Die 12 Kern-Domänen für die Ausbildung
Das Curriculum definiert folgende Themenfelder, die in die Ausbildung integriert werden sollten:
- Risikostratifizierung: Hochrisikosituationen unabhängig von festen Algorithmen erkennen (z.B. atypische Symptome).
- Indikatoren ernster Gesundheitsprobleme: Unspezifische Zeichen wie „allgemeine Schwäche“ oder Funktionsverlust (ADL-Decline) als Alarmzeichen deuten.
- Veränderter Mentalstatus: Delir als Notfall erkennen und von Demenz abgrenzen.
- Klinisches Assessment: Sepsis, Exsikkose und Schmerz (auch bei Demenz) sicher identifizieren.
- Stürze: Umfassendes Assessment durchführen, nicht nur den Sturz als Unfall betrachten, sondern die Ursache (z.B. Synkope) suchen.
- Trauma: Besonderheiten bei Niedrigenergietraumen und Antikoagulation beachten.
- Medikation: Polypharmazie und unerwünschte Arzneimittelwirkungen (ADE) als Ursache für den Notruf erkennen.
- Kommunikation: Barrieren (Hören/Sehen) überwinden und Fremdanamnesen strukturiert erheben.
- Frailty (Gebrechlichkeit): Das Konzept der Gebrechlichkeit verstehen und in die Risikobewertung einbeziehen.
- Palliative Care: Therapieziele am Patientenwillen orientieren und Sterbebegleitung professionell durchführen.
- Lagerung & Transport: Hautschonende Techniken und Nutzung von Mobilitätshilfen.
- Psychosoziale & Rechtliche Aspekte: Erkennen von Missbrauch, Einbeziehung von Vorsorgevollmachten und Abbau von Altersstereotypen
Implikationen für die Praxisanleitung
Für die Ausbildung an der Rettungswache ergeben sich aus diesem Curriculum konkrete Handlungsfelder:
- Training der "Grauzonen": Auszubildende müssen lernen, Entscheidungen zu treffen, wenn kein klarer Algorithmus greift.

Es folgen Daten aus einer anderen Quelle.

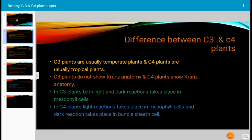What is Kranz anatomy? It is a specialized structure in C4 plants where the mesophyll cells are clustered around the bundle sheath cells in a ring-like fashion. This is the Kranz anatomy that occurs in C4 plants.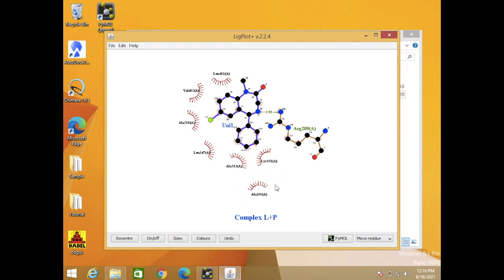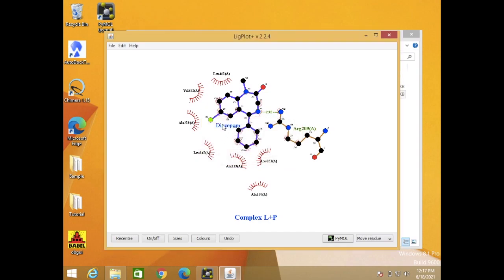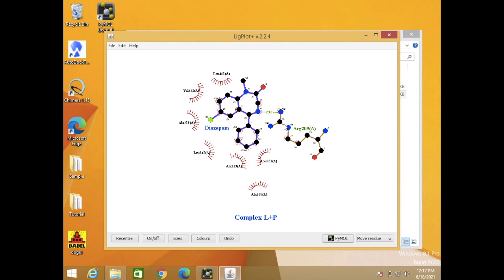This is a 2D diagram of ligand-protein interaction. This is my ligand. The ligand is diazepam. This amino acid, which is arginine 209, interacts with my ligand via the hydrogen bond. This is the bond length or the distance between them, which is 2.95.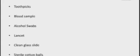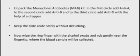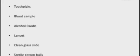The materials required for performing the experiment are: three toothpicks, a blood sample, alcohol swab, lancet, clean glass slide, sterile cotton balls, and monoclonal antibodies — that is anti-A, anti-B, and anti-D. The monoclonal antibody kit consists of three solutions: anti-A antibody solution, anti-B antibody solution, and anti-D antibody solution. Anti-D basically determines the RH factor, that is whether your blood group is positive or negative.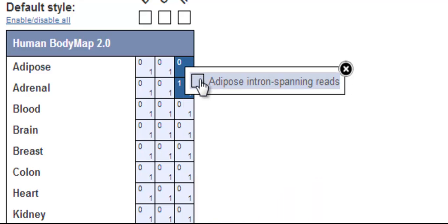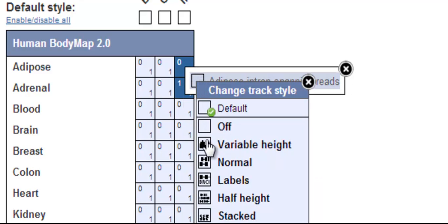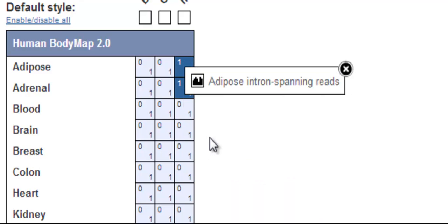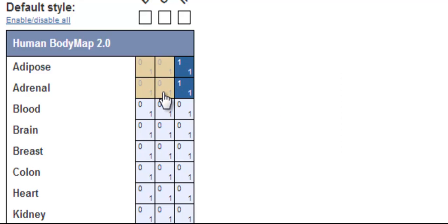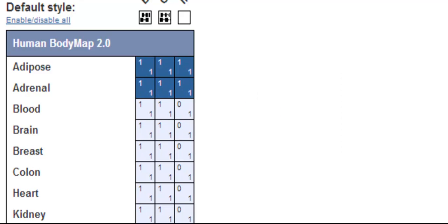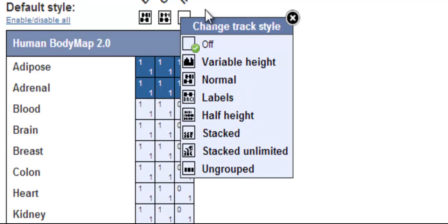To turn on one cell, just click on it. I will select intron spanning reads from adrenal and adipose tissues, with a variable height display. I can do this one by one, or I can click and drag with my mouse to turn on several cells all at once.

Das Curriculum fordert explizit die Fähigkeit, individuelle Transportentscheidungen unter
- Abwägung von Risiken (z.B. Hospitalisierung vs. Verbleib zu Hause) zu treffen.
- Szenario-Training: Übungen sollten realistische geriatrische Probleme abbilden (z.B. „Patient ist verwirrt“ statt nur „Patient hat Brustschmerz“), um die Differenzierung zwischen Delir und Demenz zu trainieren.
- Kommunikation als Skill: Das Einbeziehen von Angehörigen und das Überwinden sensorischer Defizite (Hörgeräte nutzen!) ist ein explizites Lernziel.
- Medikamentensicherheit: Der „Blick in den Medikamentenplan“ (z.B. Antikoagulantien, Antidiabetika) muss fester Bestandteil des Assessments werden.
Fazit
Das Curriculum von Krohn et al. bietet Praxisanleitern einen validierten Rahmen, um Auszubildende auf die Realität des Rettungsdienstes vorzubereiten. Es betont, dass die Versorgung geriatrischer Patienten hohe Fachexpertise und flexible Lösungsstrategien erfordert – Kompetenzen, die gezielt angeleitet werden müssen.